# What's your favorite commutator?



## Cyrus C. (Sep 6, 2011)

I'd have to say mine is [R U R' U', M'], what's yours?


----------



## Rubiks560 (Sep 6, 2011)

My favorite is [D, R U R']. I like it because it's the first commutator I really understood, also I think it's quite cool and useful.Another one I like is [L2, U R2 U'], though.


----------



## aronpm (Sep 6, 2011)

R':[U,R'DR]


----------



## DavidWoner (Sep 6, 2011)

F R U R' U' F'


----------



## Forte (Sep 6, 2011)

[R2 F2 R2 U2 M' , U]

^^ props to Stefan


----------



## nccube (Sep 6, 2011)

[R U2 R', D2]


----------



## Cubenovice (Sep 6, 2011)

U2 M' U2 M

R U R' U' R U R' U' R U R' U' D2 R U R' U' R U R' U' R U R' U' D2

and offcourse:
R2 D R' U2 R D' R' U2 R' Headlights OLL
r U R' U' r' F R F Chameleon OLL
F' r U R' U' r' F R Bowtie OLL


----------



## Sa967St (Sep 6, 2011)

[R' D R, U']


----------



## Stefan (Sep 6, 2011)

Forte said:


> [R2 F2 R2 U2 M' , U]



That's what I was going to post...


----------



## Forte (Sep 7, 2011)

Stefan said:


> That's what I was going to post...



It's so cooool


----------



## Rubiks560 (Sep 7, 2011)

DavidWoner said:


> F R U R' U' F'



Thats conjugate nub


----------



## aronpm (Sep 7, 2011)

Rubiks560 said:


> Thats conjugate nub


 
[FRF',FUF']


----------



## DavidWoner (Sep 7, 2011)

Rubiks560 said:


> Thats conjugate nub


 
c:[a,b]=[c:a,c:b] nub 



Cubenovice said:


> R U R' U' R U R' U' R U R' U' D2 R U R' U' R U R' U' R U R' U' D2



I think you mean R U R' U' R U R' U' R U R' U' D2 U R U' R' U R U' R' U R U' R' D2 but it cancels to R U R' U' R U R' U' R U R' D2 R U' R' U R U' R' U R U' R' D2


----------



## Cool Frog (Sep 7, 2011)

Cubenovice said:


> R U R' U' R U R' U' R U R' U' D2 R U R' U' R U R' U' R U R' U' D2


 x U' R':[U2:R'DR]


aronpm said:


> R':[U,R'DR]


 less than 3

R:[M': U' R' U]


----------



## Phlippieskezer (Sep 7, 2011)

4x4 (With a conjugate):

l' r' u2 r D r' u2 r D' l

Also known as
l'[r' u2 r, D]

:3


----------



## cmhardw (Sep 7, 2011)

[U R2 U' R2 U', B2] (Per Special)


----------



## Weston (Sep 7, 2011)

Forte said:


> [R2 F2 R2 U2 M' , U]
> 
> ^^ props to Stefan


WHOAaldjsfasu;fjilasdf;idasfj;ijiIOWWOW


----------



## Ranzha (Sep 7, 2011)

y:[R':U]:[D2,[R:U']]
y:[R' U R: [D2, R U' R']]
y (R' U R) (D2 R U' R') (D2 R U R2' U' R) y'
Lovin' it.


----------



## cuBerBruce (Sep 7, 2011)

[(R' D)3 S, U2]


----------



## cuber952 (Sep 7, 2011)

Rubiks560 said:


> My favorite is [D, R U R']. I like it because it's the first commutator I really understood, also I think it's quite cool and useful.Another one I like is [L2, U R2 U'], though.

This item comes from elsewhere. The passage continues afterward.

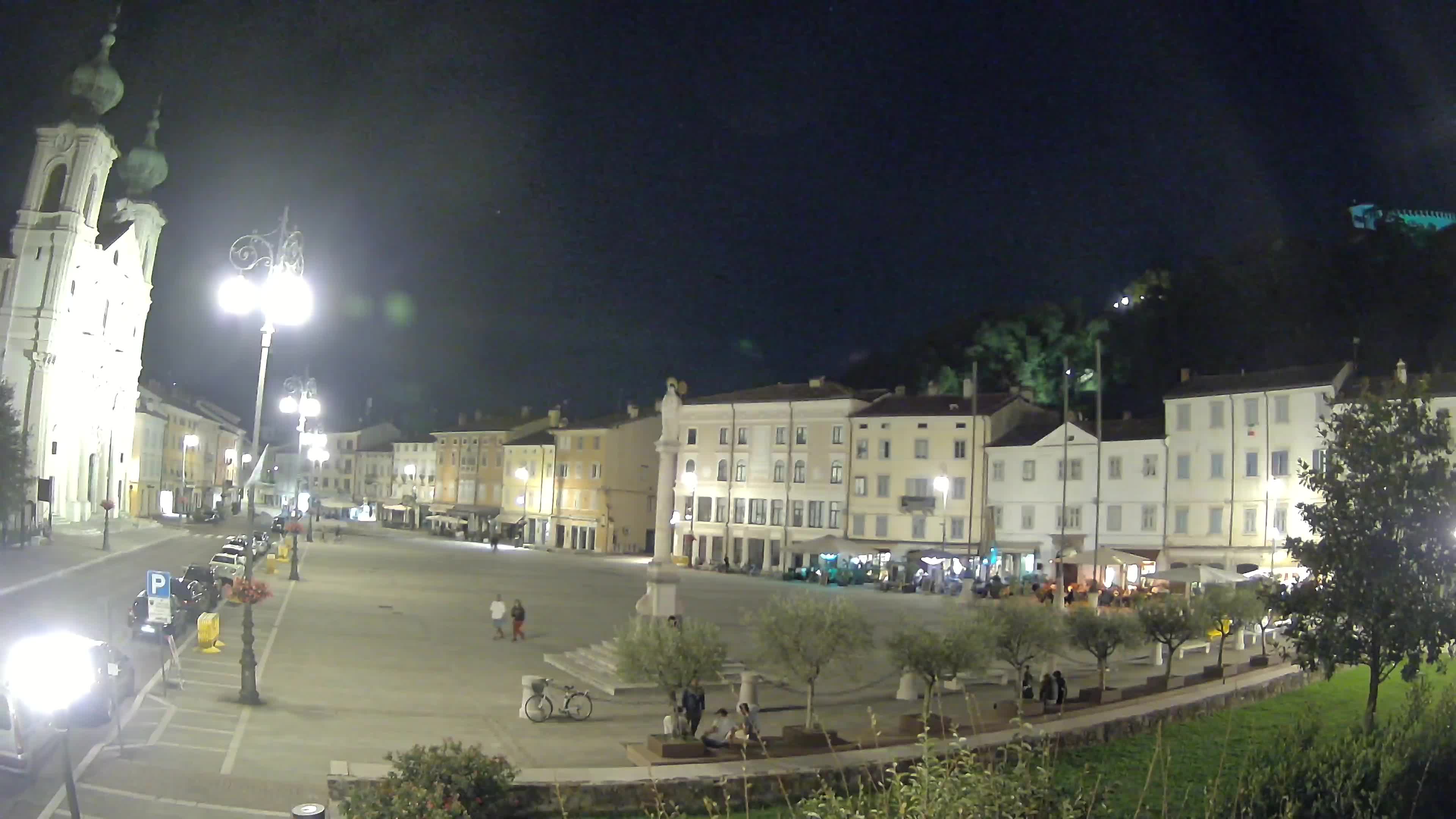 Kamera Gorica Travnik in cerkev sv. Ignacija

 Im going to take a random guess and say that Cyrus told you to post this.


----------



## Rubiks560 (Sep 7, 2011)

cuber952 said:


> Im going to take a random guess and say that Cyrus told you to post this.


 
You have guessed correctly.


----------



## Lucas Garron (Sep 7, 2011)

I'm pretty fond of [R U R2, R U R'], but not because I execute it as a commutator.



Cool Frog said:


> x U' R':[U2:R'DR]


 


Ranzha V. Emodrach said:


> y:[R':U]:[D2,[R:U']]



Is ambiguous notation fashionable these days?

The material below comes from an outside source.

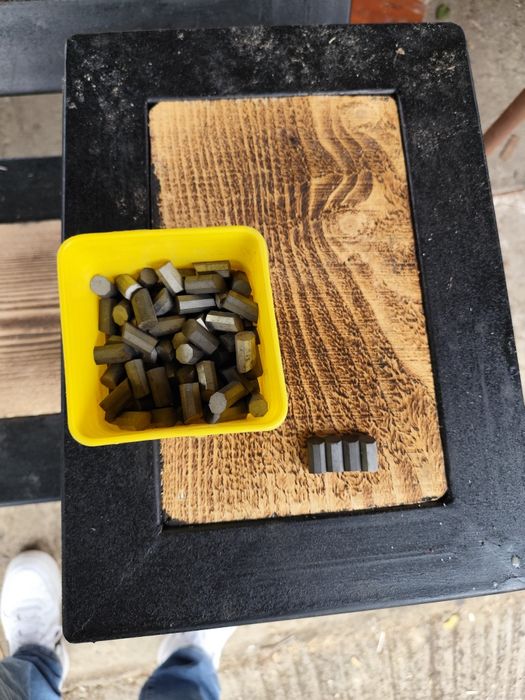 Pastile Vidia și bare alama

I suppose the missing outer brackets are clear if you conjugate by only one move, but it's not quite as safe.


----------



## Ranzha (Sep 7, 2011)

Lucas Garron said:


> Is ambiguous notation fashionable these days?


 
I was just fooling around, don't worry xD


----------



## qqwref (Sep 7, 2011)

The Niklas family, by so much.

There's the basic form of [L', U R U'], but so much can be done. The U/U' can be swapped; either of the L' and R moves can be done to any angle (clockwise, counterclockwise, or 180); and either of the L' and R moves can be done on any L and R slice, as long as the two slices aren't the same.

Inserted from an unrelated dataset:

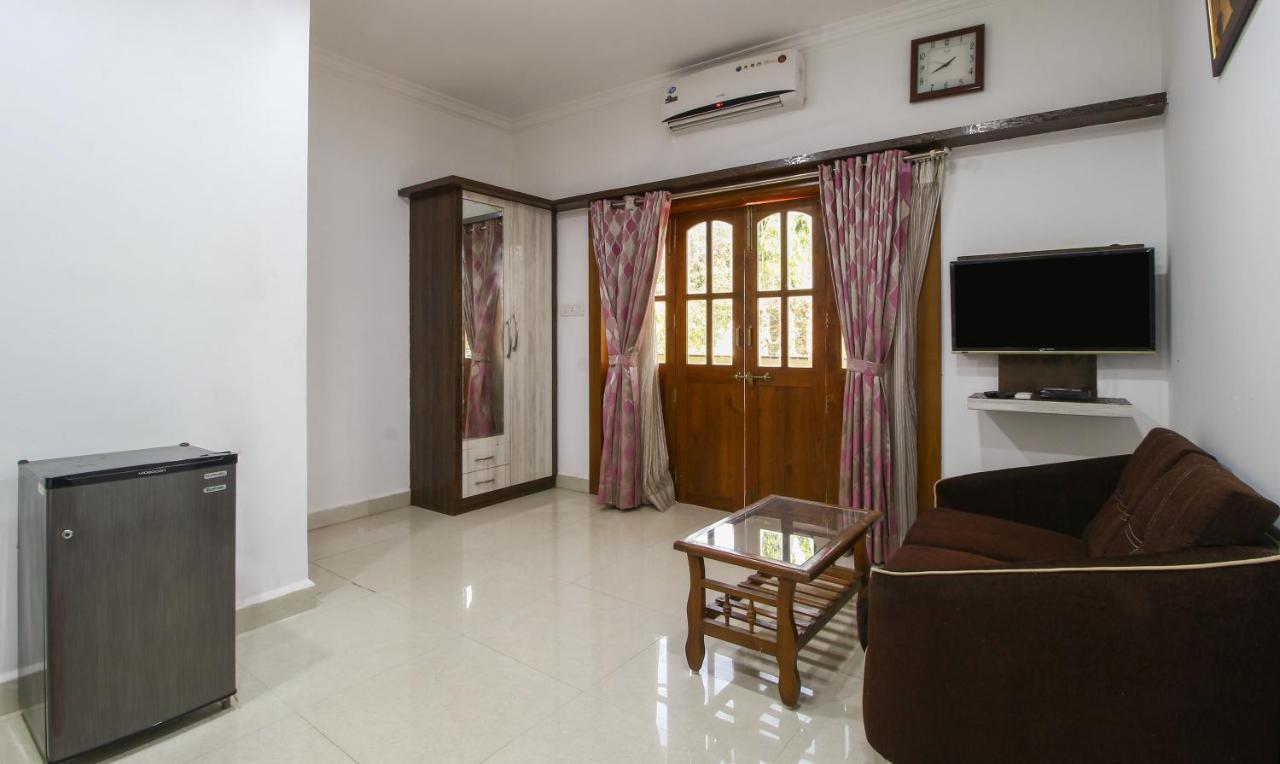 Treebo Trend Skylight Royal Stay Candolim Exterior foto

Oh yeah, and it also works on other puzzles such as minxes. <3


----------



## 5BLD (Sep 7, 2011)

[M' U M, E']


----------



## aronpm (Sep 7, 2011)

qqwref said:


> The Niklas family, by so much.
> 
> There's the basic form of [L', U R U'], but so much can be done. The U/U' can be swapped; either of the L' and R moves can be done to any angle (clockwise, counterclockwise, or 180); and either of the L' and R moves can be done on any L and R slice, as long as the two slices aren't the same.
> 
> Oh yeah, and it also works on other puzzles such as minxes. <3


 I might be wrong but I think you just described all the 8-move 3-cycle corner commutators


----------



## Tim Major (Sep 7, 2011)

[R'UR,D']
I do a cool to execute fingertrick.


----------



## irontwig (Sep 7, 2011)

[R2:[R F R', u2]] 
You might want to AFF.


----------



## Rpotts (Sep 7, 2011)

[R U2 R', E']


----------



## Cubenovice (Sep 7, 2011)

DavidWoner said:


> I think you mean R U R' U' R U R' U' R U R' U' D2 U R U' R' U R U' R' U R U' R' D2 but it cancels to R U R' U' R U R' U' R U R' D2 R U' R' U R U' R' U R U' R' D2



Nono, I really mean R U R' U' R U R' U' R U R' U' D2 R U R' U' R U R' U' R U R' U' D2 
I like how I can just keep spamming the Sexy move, no need to invert it.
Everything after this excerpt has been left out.